Drop all images and give the records again exactly.

| Record extracts |

- - - -

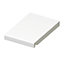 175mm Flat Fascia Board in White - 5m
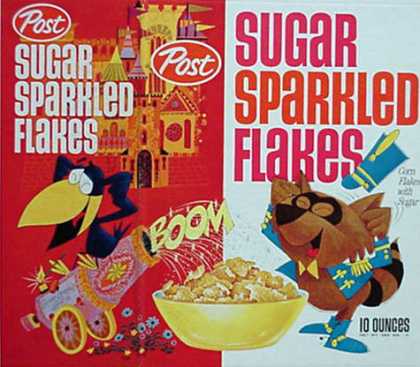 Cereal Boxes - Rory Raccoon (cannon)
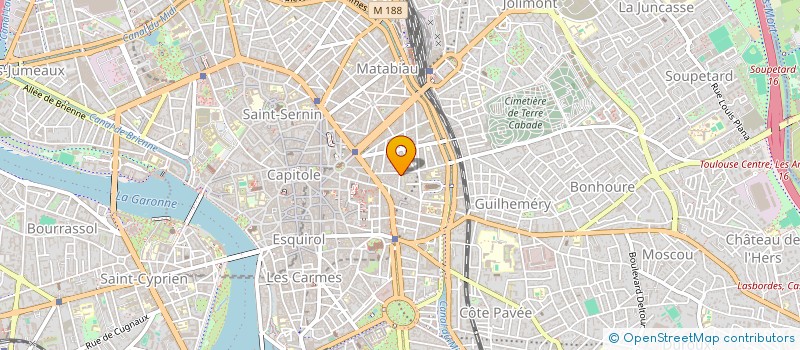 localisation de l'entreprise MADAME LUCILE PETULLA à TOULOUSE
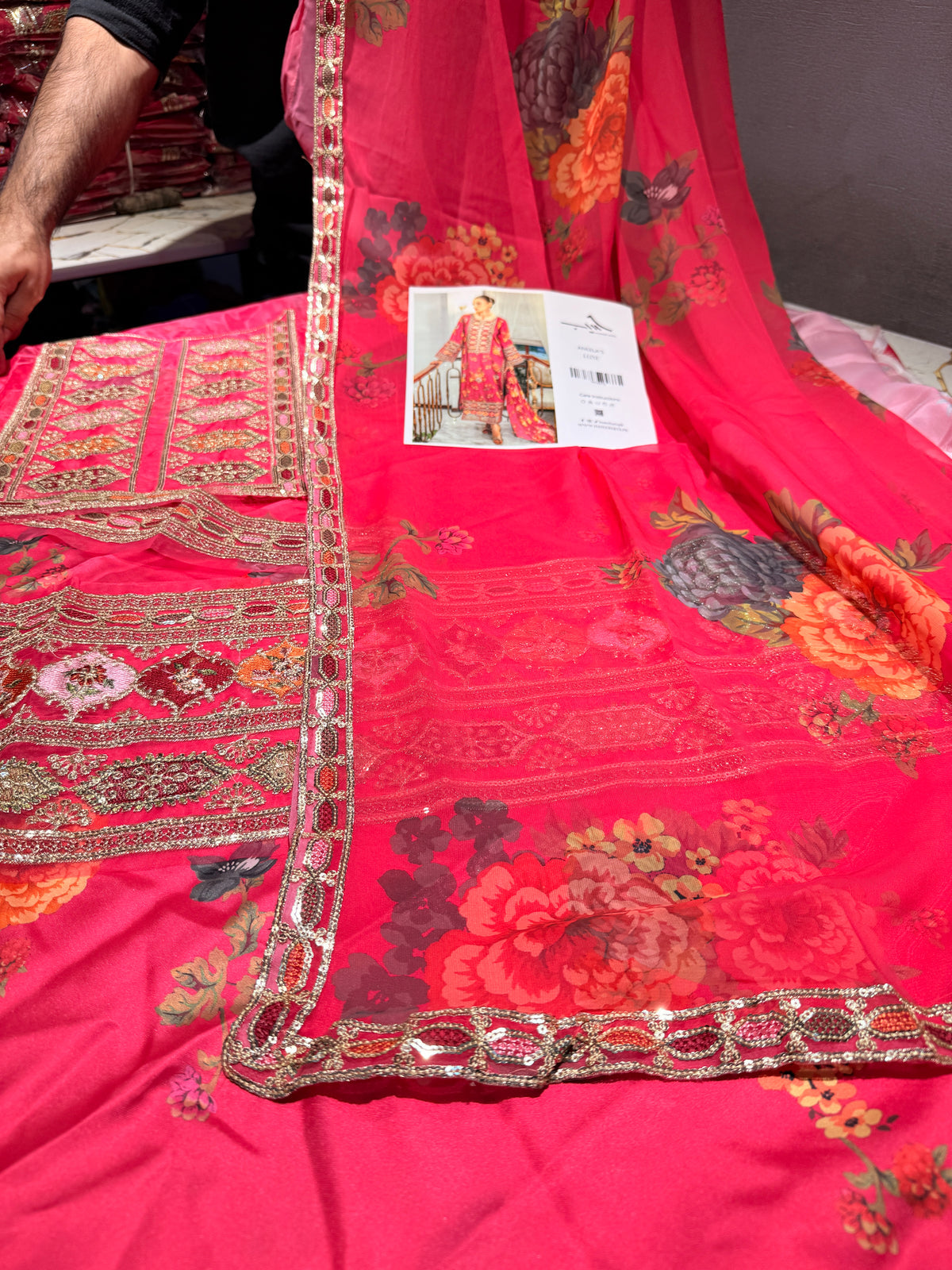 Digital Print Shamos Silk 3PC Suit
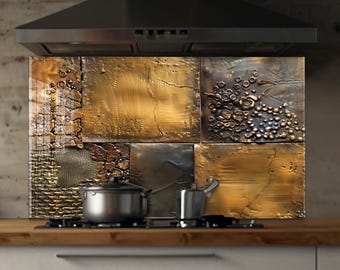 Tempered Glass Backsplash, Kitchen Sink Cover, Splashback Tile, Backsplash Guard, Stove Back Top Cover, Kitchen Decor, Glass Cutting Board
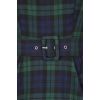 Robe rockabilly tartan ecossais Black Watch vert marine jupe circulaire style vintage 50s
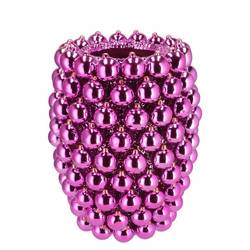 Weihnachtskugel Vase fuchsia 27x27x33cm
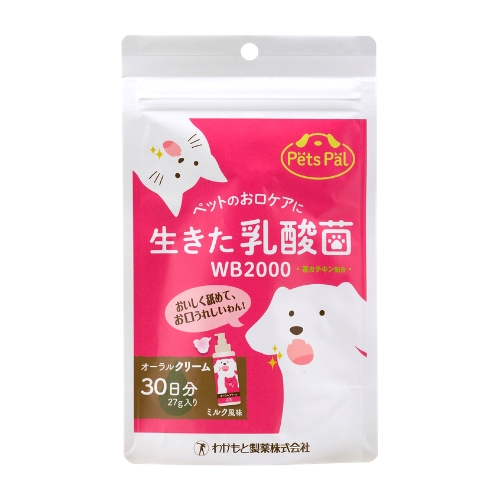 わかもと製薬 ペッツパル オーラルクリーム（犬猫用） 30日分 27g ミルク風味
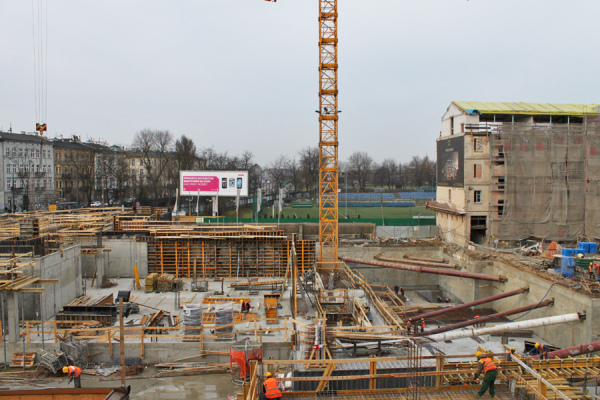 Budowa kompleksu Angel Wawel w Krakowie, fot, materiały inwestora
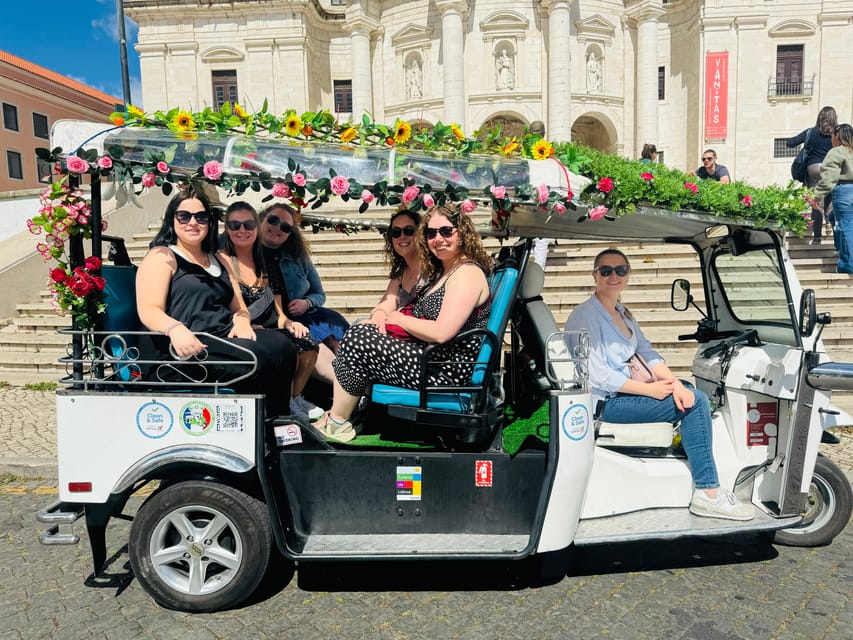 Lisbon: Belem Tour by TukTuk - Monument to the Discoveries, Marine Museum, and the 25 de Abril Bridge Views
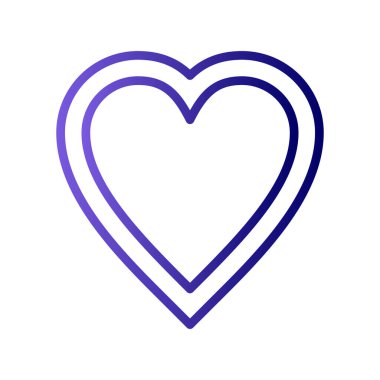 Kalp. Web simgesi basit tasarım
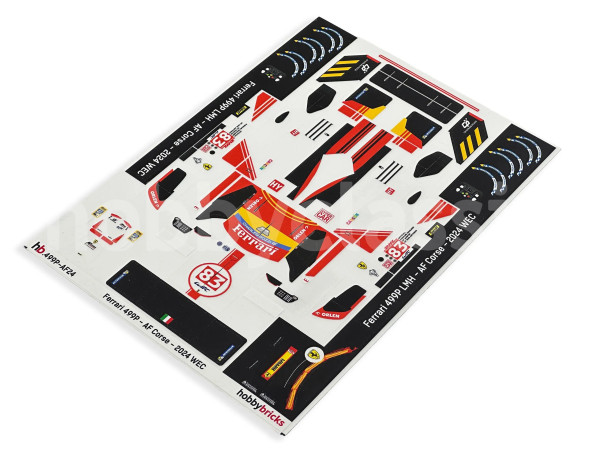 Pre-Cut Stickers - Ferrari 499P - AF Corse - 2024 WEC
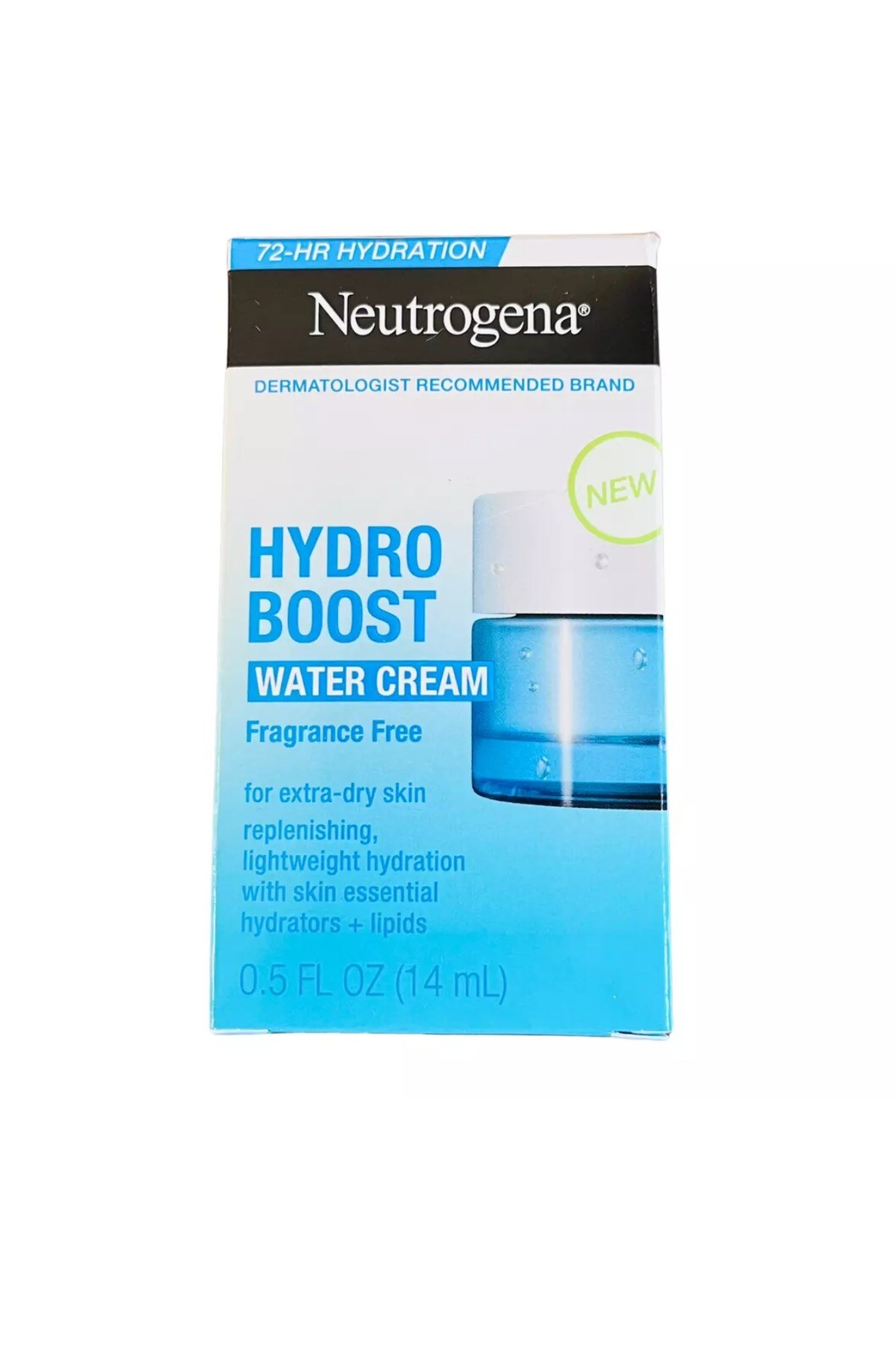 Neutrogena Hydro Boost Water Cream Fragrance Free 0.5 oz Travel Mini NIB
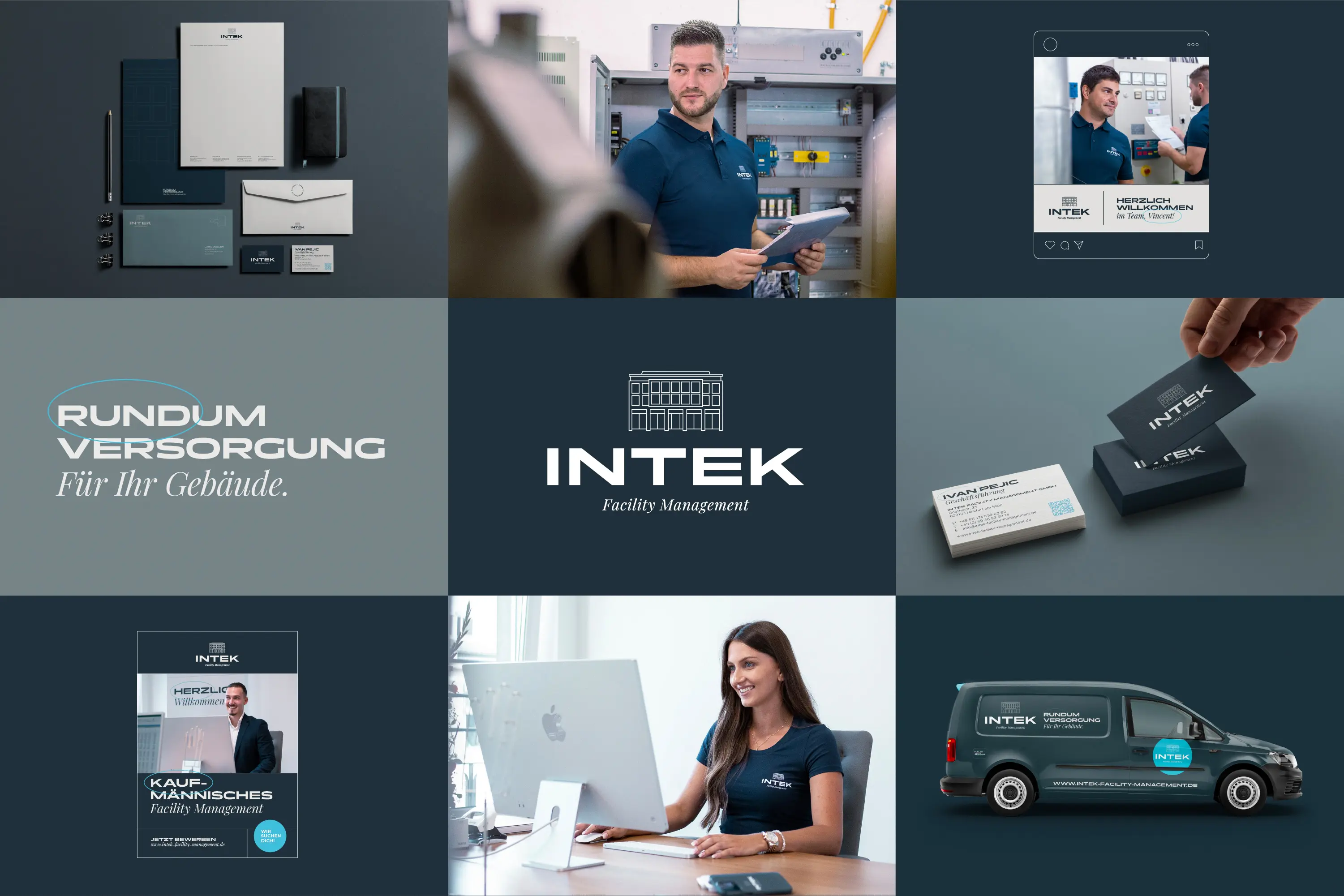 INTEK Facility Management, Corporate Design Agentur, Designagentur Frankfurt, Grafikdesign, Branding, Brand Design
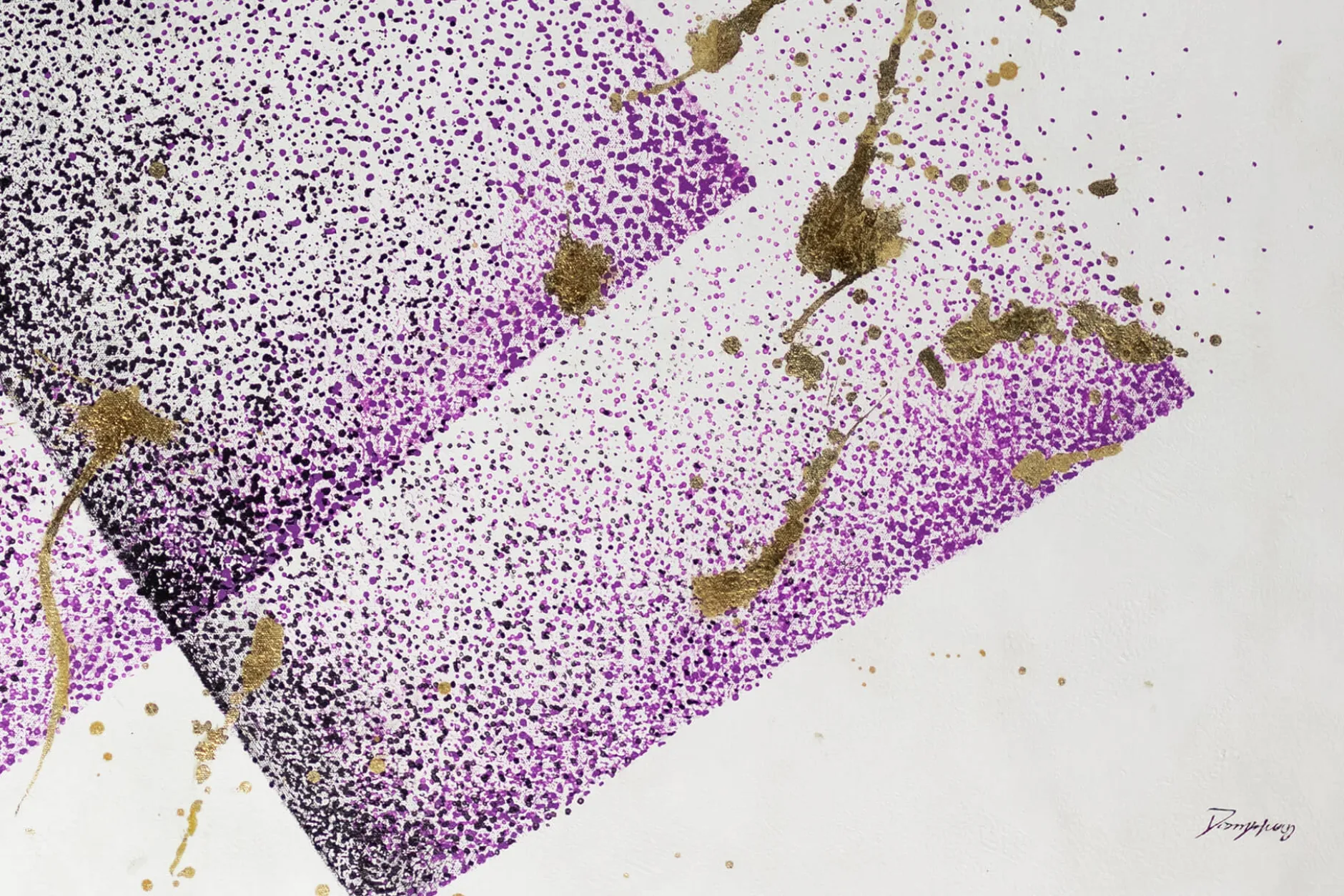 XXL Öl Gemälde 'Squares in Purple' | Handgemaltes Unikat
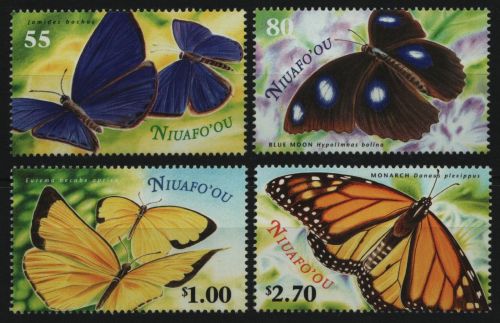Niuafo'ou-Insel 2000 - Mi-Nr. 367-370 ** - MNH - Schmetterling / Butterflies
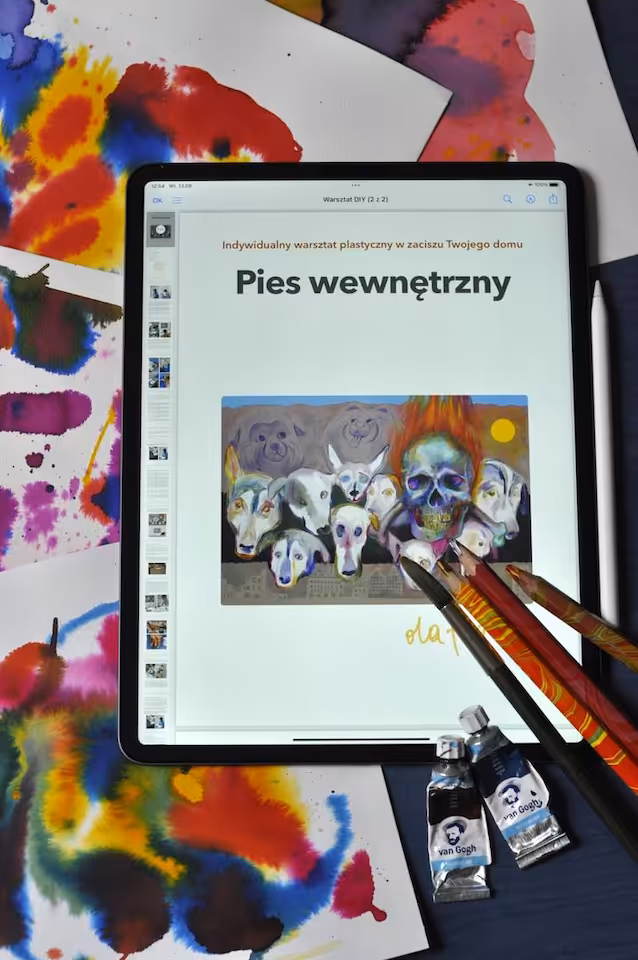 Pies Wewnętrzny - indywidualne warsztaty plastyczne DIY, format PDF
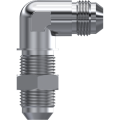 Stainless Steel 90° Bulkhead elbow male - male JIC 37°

- - - -

| Your response |
 175mm Flat Fascia Board in White - 5m
 Cereal Boxes - Rory Raccoon (cannon)
 localisation de l'entreprise MADAME LUCILE PETULLA à TOULOUSE
 Digital Print Shamos Silk 3PC Suit
 Tempered Glass Backsplash, Kitchen Sink Cover, Splashback Tile, Backsplash Guard, Stove Back Top Cover, Kitchen Decor, Glass Cutting Board
 Robe rockabilly tartan ecossais Black Watch vert marine jupe circulaire style vintage 50s
 Weihnachtskugel Vase fuchsia 27x27x33cm
 わかもと製薬 ペッツパル オーラルクリーム（犬猫用） 30日分 27g ミルク風味
 Budowa kompleksu Angel Wawel w Krakowie, fot, materiały inwestora
 Lisbon: Belem Tour by TukTuk - Monument to the Discoveries, Marine Museum, and the 25 de Abril Bridge Views
 Kalp. Web simgesi basit tasarım
 Pre-Cut Stickers - Ferrari 499P - AF Corse - 2024 WEC
 Neutrogena Hydro Boost Water Cream Fragrance Free 0.5 oz Travel Mini NIB
 INTEK Facility Management, Corporate Design Agentur, Designagentur Frankfurt, Grafikdesign, Branding, Brand Design
 XXL Öl Gemälde 'Squares in Purple' | Handgemaltes Unikat
Niuafo'ou-Insel 2000 - Mi-Nr. 367-370 ** - MNH - Schmetterling / Butterflies
 Pies Wewnętrzny - indywidualne warsztaty plastyczne DIY, format PDF
 Stainless Steel 90° Bulkhead elbow male - male JIC 37°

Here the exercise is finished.